A chiarire questo aspetto è stata l’Agenzia delle Entrate rispondendo all’interpello 58 del 2018 di un’azienda che aveva svolto attività di ricerca e sviluppo per conto di una società francese.
L’Agenzia delle Entrate ha inoltre precisato che nel calcolo del credito d’imposta è necessario considerare tutti i costi ammissibili che sono sostenuti nei periodi di riferimento. Conseguentemente vanno considerati anche i costi relativi alla ricerca commissionata da soggetti non residenti, indipendentemente dal fatto che l’impresa sostenga o meno costi di ricerca per commesse dall’estero nei periodi per cui intende fruire dell’agevolazione. Ricordiamo che la disciplina del credito d’imposta per attività di ricerca e sviluppo è stata introdotta dal decreto Destinazione Italia.
Consiste nella possibilità di fruire di un credito d’imposta nell’ipotesi in cui venga sostenuta una spesa complessiva per investimenti in attività di ricerca e sviluppo, effettuata nell’annualità d’imposta in cui si intende fruire dell’agevolazione, con i seguenti criteri:
– pari ad almeno 30.000 euro su base annua;
– superiore alla media degli investimenti che sono stati realizzati nei tre periodi d’imposta precedenti rispetto a quello in corso al 31 dicembre 2015.
La legge di Bilancio 2017, come ha chiarito l’Agenzia delle Entrate rispondendo all’interpello, è intervenuta in materia stabilendo che tale credito spetta anche “anche alle imprese residenti o alle stabili organizzazioni nel territorio dello Stato di soggetti non residenti che eseguono le attività di ricerca e sviluppo nel caso di contratti stipulati con imprese residenti o localizzate in altri Stati membri dell’Unione europea, negli Stati aderenti all’accordo sullo Spazio economico europeo ovvero in Stati compresi nell’elenco di cui al decreto del Ministro delle finanze 4 settembre 1996”.
Rispetto al passato, quindi, è stata introdotta la possibilità di accedere all’agevolazione anche nella circostanza in cui un’azienda svolga attività di ricerca di sviluppo per una società terza residente all’estero.

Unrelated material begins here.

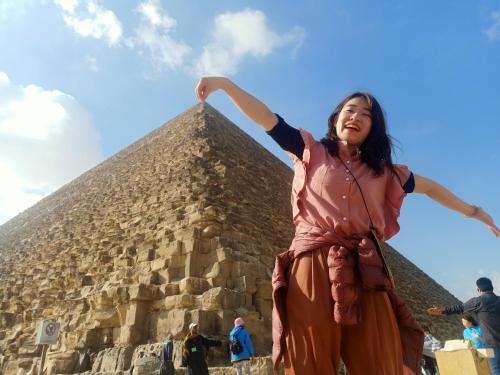 a woman standing in front of a pyramid at Eyad Pyramids view in Cairo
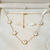 Colar 5 trevos branco jard - aço inoxidavel ouro18k - loja online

In poche parole, dal periodo d’imposta nel quale è entrata in vigore la modifica normativa, bisogna calcolare la media storica degli investimenti in ricerca e sviluppo tenendo conto di tutti i costi sostenuti per tale attività nel periodo di riferimento, anche quelli commissionati da soggetti non residenti a prescindere dal fatto che, in uno dei periodi per i quali si intende accedere all’agevolazione, l’impresa sostenga o meno delle spese ammissibili su commissione di imprese estere.